Spanish police break up Europe’s largest illegal TV streaming service

Spanish Police launched a major operation against an international criminal organization accused of illegally selling access to pay-TV over the internet. Spanish officials calculate that this was Europe’s largest illegal TV streaming service and is estimated to have made €8 million in profits since 2013.

Spanish police have arrested five members of a criminal organization which is based in Spain and has branches in Denmark, the United Kingdom, Latvia, the Netherlands and Cyprus.
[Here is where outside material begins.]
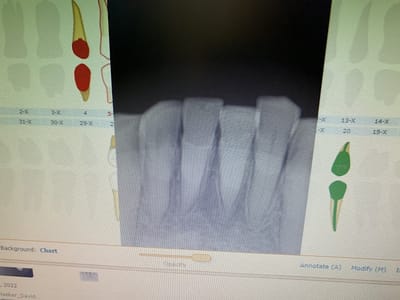 Access Dental, Dentures & Implants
Thousands of people from 30 different countries paid between €40 and €460 a month to watch their favourite soccer games, TV shows and movies. The monthly fees were made to a company in Gibraltar, the British Overseas Territory located in the south of Spain.
Police were alerted to the organization in 2015 after Premier League, England’s first division soccer league, filed a complaint stating that a web-based service in Málaga in Costa del Sol was offering Internet Protocol television (IPTV) subscriptions – a service that distributes pay-TV online – without authorization.

The Spanish police led a joint investigation with Denmark and the United Kingdom in which 14 other branches were found: eight in Spain (in Málaga, Madrid and Alicante), four in Denmark and two in the United Kingdom.

As a result of the investigation, 66 servers were disconnected and the rest, which were part of a network of internationally connected computers, were detected and identified.